▸ What is needed
From the line containing "蒸着型NDの作例（ケンコー・トキナー提供）" down to the line containing "Astronaut storage ornaments" in the records below, reproduce every line exactly, ends included, and omit all others.

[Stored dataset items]
________
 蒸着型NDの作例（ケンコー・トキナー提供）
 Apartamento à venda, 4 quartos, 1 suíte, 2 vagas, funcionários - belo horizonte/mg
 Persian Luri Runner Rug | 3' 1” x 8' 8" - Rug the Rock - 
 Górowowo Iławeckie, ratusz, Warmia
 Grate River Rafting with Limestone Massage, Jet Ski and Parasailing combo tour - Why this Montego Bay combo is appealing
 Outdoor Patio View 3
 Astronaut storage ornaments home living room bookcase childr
________
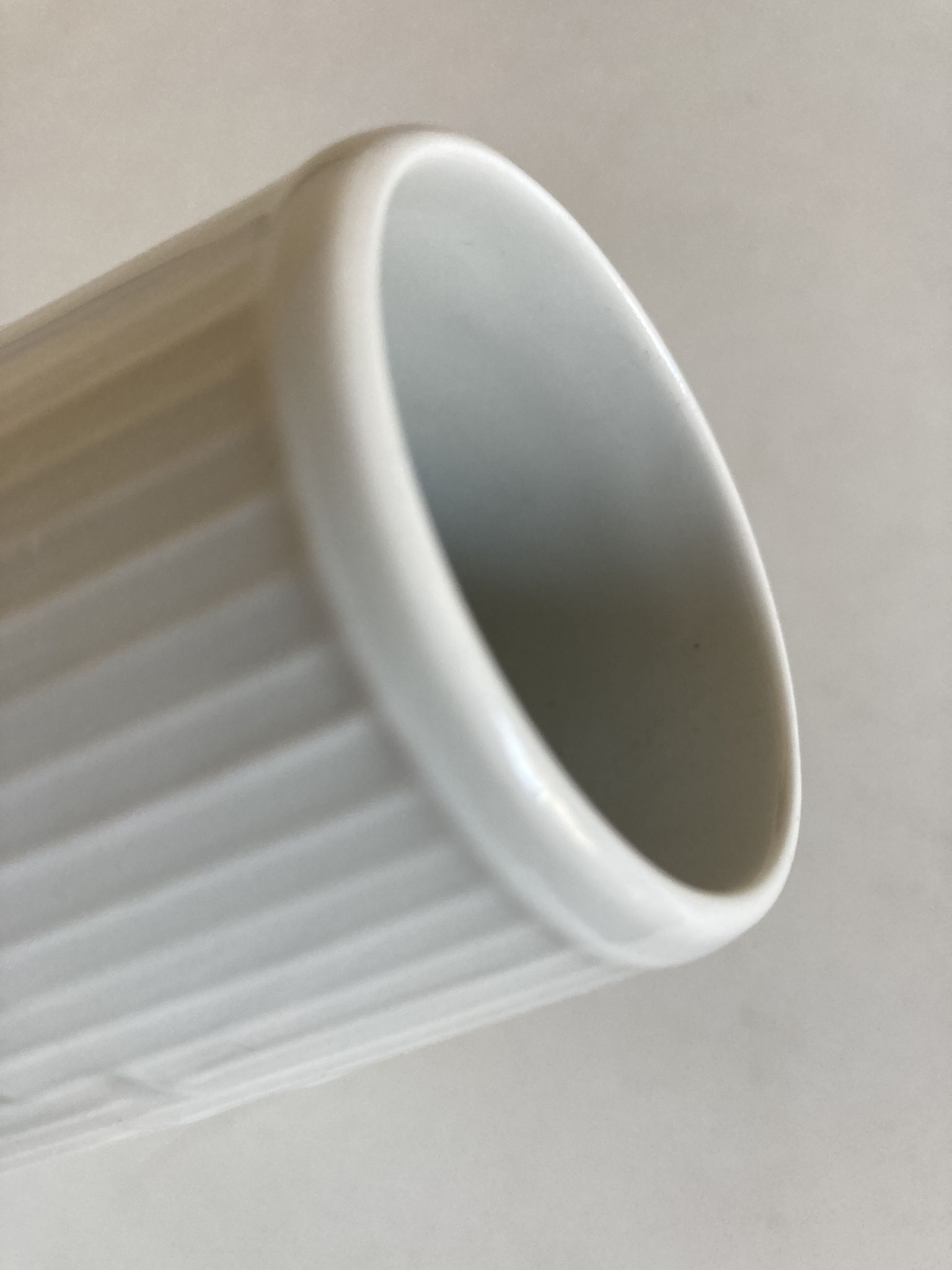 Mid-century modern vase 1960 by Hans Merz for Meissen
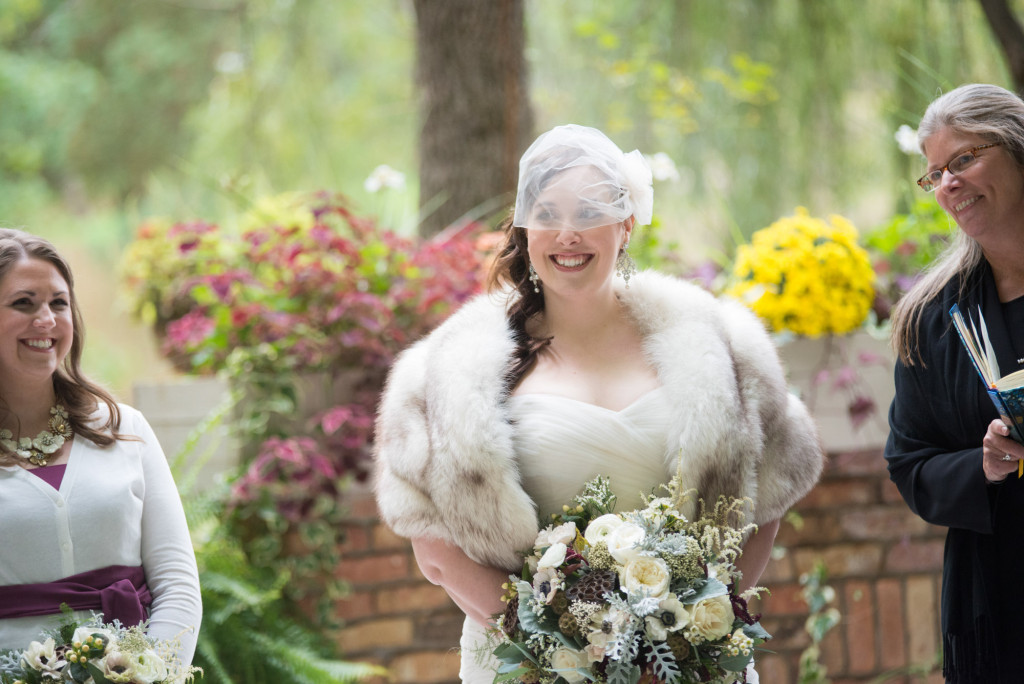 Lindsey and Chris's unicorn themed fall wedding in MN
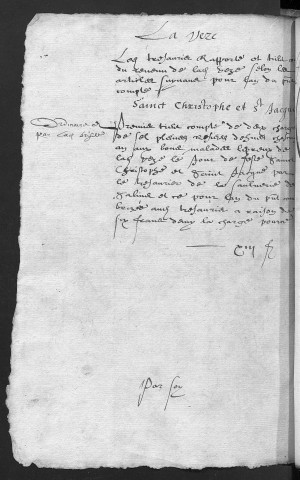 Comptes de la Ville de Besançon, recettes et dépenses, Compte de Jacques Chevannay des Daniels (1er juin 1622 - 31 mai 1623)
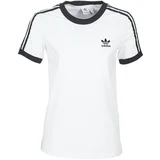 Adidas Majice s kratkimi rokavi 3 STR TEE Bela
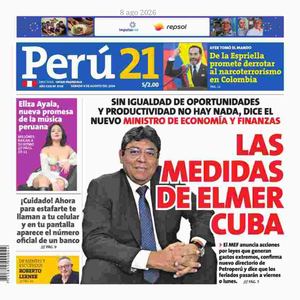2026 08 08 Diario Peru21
________
▸ Answer
 蒸着型NDの作例（ケンコー・トキナー提供）
 Apartamento à venda, 4 quartos, 1 suíte, 2 vagas, funcionários - belo horizonte/mg
 Persian Luri Runner Rug | 3' 1” x 8' 8" - Rug the Rock - 
 Górowowo Iławeckie, ratusz, Warmia
 Grate River Rafting with Limestone Massage, Jet Ski and Parasailing combo tour - Why this Montego Bay combo is appealing
 Outdoor Patio View 3
 Astronaut storage ornaments home living room bookcase childr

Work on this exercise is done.